A lease agreement establishes occupancy but is not government-issued. The practical path to a government-issued NH residency document is NH vehicle registration or a NH driver's license, both issued by NH DMV. NH voter registration (issued by the town clerk) also qualifies. These documents serve as the primary evidence when an FFL/SOT dealer completes the transfer. The lease supports the picture but does not stand alone.

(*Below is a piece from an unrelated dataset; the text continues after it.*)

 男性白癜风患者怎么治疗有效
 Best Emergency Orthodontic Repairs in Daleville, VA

The NFA Transfer Process in New Hampshire

NH RSA Chapter 159-B[3] expressly permits suppressor ownership in New Hampshire for persons who comply with federal law. The NFA transfer process for an individual buyer requires submitting ATF Form 4 through a NH FFL/SOT dealer, paying the NFA transfer tax (now $0 for a suppressor under the One Big Beautiful Bill Act, effective January 1, 2026; the $200 tax remains only for machine guns and destructive devices), passing the ATF background check, and providing two passport photos and fingerprint cards. Since the ATF's 41F rule took effect in July 2016, individual transfers also require a CLEO notification — the local chief of police or sheriff is notified but does not have approval authority. Current ATF processing times for Form 4 approvals are approximately 10 to 14 months.

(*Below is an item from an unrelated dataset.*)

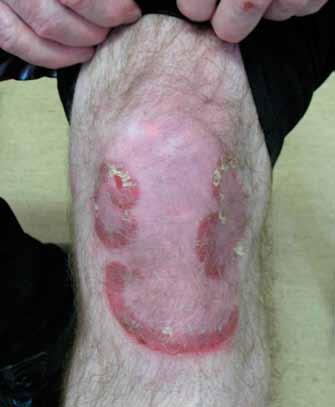Chronic plaque psoriasis Chronic plaque usually causes large red scaly plaques on the elbows and knees. Plaques are also commonly found on the lower back and the scalp.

During the approval period, the suppressor remains at the dealer. After approval, the item transfers to the buyer in New Hampshire.

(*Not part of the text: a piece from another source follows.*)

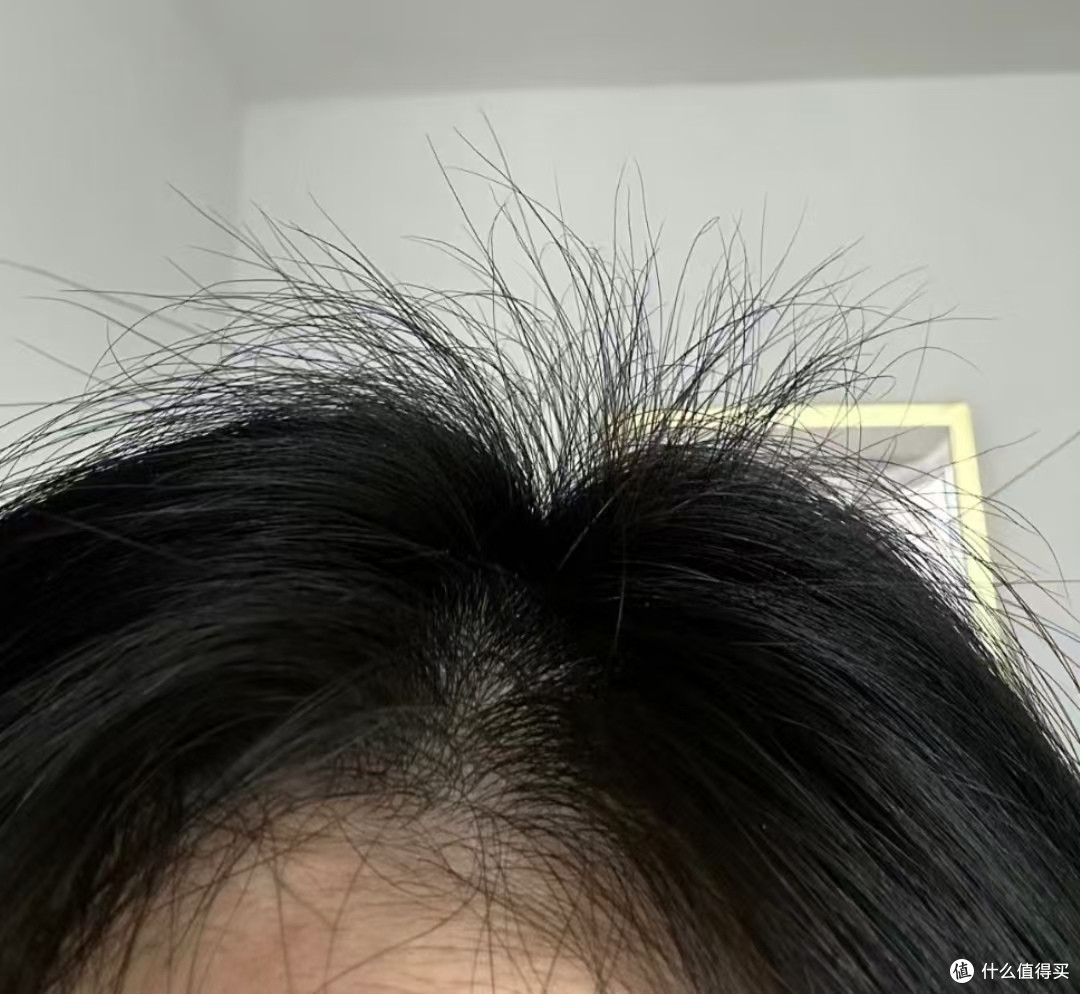 复合生发肽:科技引领下的生发新革命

The Line That Cannot Be Crossed

This is the structural limit of the path. Federal law permits ownership. New Hampshire law permits ownership. Massachusetts law prohibits possession, and that prohibition contains no NFA exception.

The Firearms Owners' Protection Act, 18 U.S.C. Section 926A[4], provides interstate transit protection for firearms — not NFA items. Courts have held that FOPA's text covers "firearm" and "ammunition" only. A suppressor transported into Massachusetts, even unloaded and locked, is not protected by FOPA and violates Section 10A.

The suppressor must be stored in New Hampshire, used in New Hampshire, and kept in New Hampshire. Any transport across the state line — for any reason, under any storage condition — creates criminal exposure under MGL c. 269, Section 10A.

NFA Trusts Do Not Change This

NFA trusts allow multiple named trustees to possess an NFA item. A Massachusetts resident who forms an NFA trust and lists a NH address does not resolve the state prohibition. If a trustee possesses the suppressor in Massachusetts, that possession violates Section 10A regardless of the trust's structure or registration status. A trust is a transfer vehicle, not a residency workaround.

Bottom Line

Settled: MGL c. 269, Section 10A prohibits suppressor possession in Massachusetts with no exceptions. 27 C.F.R. Section 478.11 explicitly permits dual residency across two states, and an NFA transfer can be completed in either state of residence. A rented room or periodically occupied property with genuine occupancy intent qualifies as a residence under the regulatory definition. FOPA does not protect NFA items in interstate transit.

Unsettled: No ATF open letter, formal ruling, or First Circuit decision has addressed this precise fact pattern — a MA/NH dual resident purchasing a suppressor in NH. The analysis rests on regulatory text, not a direct precedent.

Do: Establish NH residency with a government-issued NH document before initiating any NFA transfer. NH vehicle registration is the most accessible option for someone renting a room. Complete the transfer through a licensed NH SOT dealer with the NH address on record. Store and use the suppressor in New Hampshire only. Do not transport it into Massachusetts.